Copy exactly the run of lines that begins at the line with "23区「【SLOW/一部店舗限定】ライトタンブラータフタ バックボタン シャツ」|シャツ・ブラウス|カーキ系" and ends at the final line of the entries.

▸ Data in this exercise
....
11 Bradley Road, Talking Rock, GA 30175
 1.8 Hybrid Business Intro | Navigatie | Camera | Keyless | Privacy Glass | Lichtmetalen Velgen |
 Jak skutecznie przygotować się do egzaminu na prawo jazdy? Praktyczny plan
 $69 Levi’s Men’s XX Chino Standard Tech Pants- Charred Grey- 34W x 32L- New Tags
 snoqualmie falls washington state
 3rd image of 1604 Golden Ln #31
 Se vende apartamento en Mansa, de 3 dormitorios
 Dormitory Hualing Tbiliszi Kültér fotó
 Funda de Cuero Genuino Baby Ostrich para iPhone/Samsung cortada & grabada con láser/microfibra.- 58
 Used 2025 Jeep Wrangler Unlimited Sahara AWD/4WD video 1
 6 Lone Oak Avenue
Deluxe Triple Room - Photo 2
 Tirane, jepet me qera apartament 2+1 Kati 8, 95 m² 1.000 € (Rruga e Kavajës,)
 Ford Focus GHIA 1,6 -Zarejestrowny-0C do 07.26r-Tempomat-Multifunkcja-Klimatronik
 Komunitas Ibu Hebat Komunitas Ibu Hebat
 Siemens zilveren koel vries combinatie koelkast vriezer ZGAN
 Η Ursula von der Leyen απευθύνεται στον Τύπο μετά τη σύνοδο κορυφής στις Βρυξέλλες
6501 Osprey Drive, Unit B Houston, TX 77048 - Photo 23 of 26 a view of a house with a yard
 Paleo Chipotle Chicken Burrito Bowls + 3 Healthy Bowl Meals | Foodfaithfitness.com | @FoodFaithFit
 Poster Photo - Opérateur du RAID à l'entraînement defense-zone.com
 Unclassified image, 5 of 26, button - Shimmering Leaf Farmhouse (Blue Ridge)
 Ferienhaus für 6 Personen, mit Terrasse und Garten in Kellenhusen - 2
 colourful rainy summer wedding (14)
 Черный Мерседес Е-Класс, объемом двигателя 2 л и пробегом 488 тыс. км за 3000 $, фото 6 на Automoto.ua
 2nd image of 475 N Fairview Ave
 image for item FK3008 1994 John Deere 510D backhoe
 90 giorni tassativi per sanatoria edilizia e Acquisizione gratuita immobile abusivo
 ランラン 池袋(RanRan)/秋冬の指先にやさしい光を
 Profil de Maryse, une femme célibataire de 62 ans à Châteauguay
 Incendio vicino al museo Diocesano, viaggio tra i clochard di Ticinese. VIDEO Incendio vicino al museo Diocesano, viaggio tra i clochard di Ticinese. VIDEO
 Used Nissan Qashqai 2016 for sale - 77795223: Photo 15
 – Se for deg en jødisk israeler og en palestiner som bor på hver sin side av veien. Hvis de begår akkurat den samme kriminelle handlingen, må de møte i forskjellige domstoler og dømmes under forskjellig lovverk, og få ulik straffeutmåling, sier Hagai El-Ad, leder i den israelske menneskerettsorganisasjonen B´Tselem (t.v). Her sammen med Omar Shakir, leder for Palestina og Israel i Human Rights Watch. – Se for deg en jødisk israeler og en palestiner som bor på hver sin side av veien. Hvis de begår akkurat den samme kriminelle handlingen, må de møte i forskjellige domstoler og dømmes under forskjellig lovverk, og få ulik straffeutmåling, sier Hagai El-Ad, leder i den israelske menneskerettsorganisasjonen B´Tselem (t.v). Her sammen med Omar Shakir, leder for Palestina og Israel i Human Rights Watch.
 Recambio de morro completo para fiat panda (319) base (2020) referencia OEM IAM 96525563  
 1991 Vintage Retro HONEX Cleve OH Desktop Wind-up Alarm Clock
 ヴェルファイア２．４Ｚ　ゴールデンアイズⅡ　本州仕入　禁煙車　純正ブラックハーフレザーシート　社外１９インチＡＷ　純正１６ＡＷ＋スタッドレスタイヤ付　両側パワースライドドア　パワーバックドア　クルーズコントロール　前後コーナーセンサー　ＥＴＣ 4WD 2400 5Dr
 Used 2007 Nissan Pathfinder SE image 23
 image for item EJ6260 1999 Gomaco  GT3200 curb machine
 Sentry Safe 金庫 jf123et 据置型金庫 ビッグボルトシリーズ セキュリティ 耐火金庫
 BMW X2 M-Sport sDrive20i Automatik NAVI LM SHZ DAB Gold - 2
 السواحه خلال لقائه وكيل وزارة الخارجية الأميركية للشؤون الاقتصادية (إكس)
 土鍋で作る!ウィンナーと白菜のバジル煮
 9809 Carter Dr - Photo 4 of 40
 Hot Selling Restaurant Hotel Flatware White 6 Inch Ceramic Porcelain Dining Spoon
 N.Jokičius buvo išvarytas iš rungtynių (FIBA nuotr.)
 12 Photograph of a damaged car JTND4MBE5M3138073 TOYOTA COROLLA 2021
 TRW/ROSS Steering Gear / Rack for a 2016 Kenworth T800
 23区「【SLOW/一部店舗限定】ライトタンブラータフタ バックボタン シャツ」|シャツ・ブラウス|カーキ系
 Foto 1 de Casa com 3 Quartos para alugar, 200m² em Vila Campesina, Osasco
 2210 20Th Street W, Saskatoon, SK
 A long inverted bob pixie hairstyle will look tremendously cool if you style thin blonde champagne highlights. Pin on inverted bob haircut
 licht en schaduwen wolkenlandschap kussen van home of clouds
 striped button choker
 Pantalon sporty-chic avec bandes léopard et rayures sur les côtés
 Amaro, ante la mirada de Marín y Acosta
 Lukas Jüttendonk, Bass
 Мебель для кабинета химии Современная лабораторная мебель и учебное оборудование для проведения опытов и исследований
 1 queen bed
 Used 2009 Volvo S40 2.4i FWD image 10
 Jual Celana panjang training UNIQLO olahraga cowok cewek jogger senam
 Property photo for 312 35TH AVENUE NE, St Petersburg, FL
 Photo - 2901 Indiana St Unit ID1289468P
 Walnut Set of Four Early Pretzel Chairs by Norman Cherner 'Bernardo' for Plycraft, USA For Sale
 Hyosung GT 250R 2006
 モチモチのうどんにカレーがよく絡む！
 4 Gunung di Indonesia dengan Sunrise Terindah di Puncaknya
....
▸ Problem solution
 23区「【SLOW/一部店舗限定】ライトタンブラータフタ バックボタン シャツ」|シャツ・ブラウス|カーキ系
 Foto 1 de Casa com 3 Quartos para alugar, 200m² em Vila Campesina, Osasco
 2210 20Th Street W, Saskatoon, SK
 A long inverted bob pixie hairstyle will look tremendously cool if you style thin blonde champagne highlights. Pin on inverted bob haircut
 licht en schaduwen wolkenlandschap kussen van home of clouds
 striped button choker
 Pantalon sporty-chic avec bandes léopard et rayures sur les côtés
 Amaro, ante la mirada de Marín y Acosta
 Lukas Jüttendonk, Bass
 Мебель для кабинета химии Современная лабораторная мебель и учебное оборудование для проведения опытов и исследований
 1 queen bed
 Used 2009 Volvo S40 2.4i FWD image 10
 Jual Celana panjang training UNIQLO olahraga cowok cewek jogger senam
 Property photo for 312 35TH AVENUE NE, St Petersburg, FL
 Photo - 2901 Indiana St Unit ID1289468P
 Walnut Set of Four Early Pretzel Chairs by Norman Cherner 'Bernardo' for Plycraft, USA For Sale
 Hyosung GT 250R 2006
 モチモチのうどんにカレーがよく絡む！
 4 Gunung di Indonesia dengan Sunrise Terindah di Puncaknya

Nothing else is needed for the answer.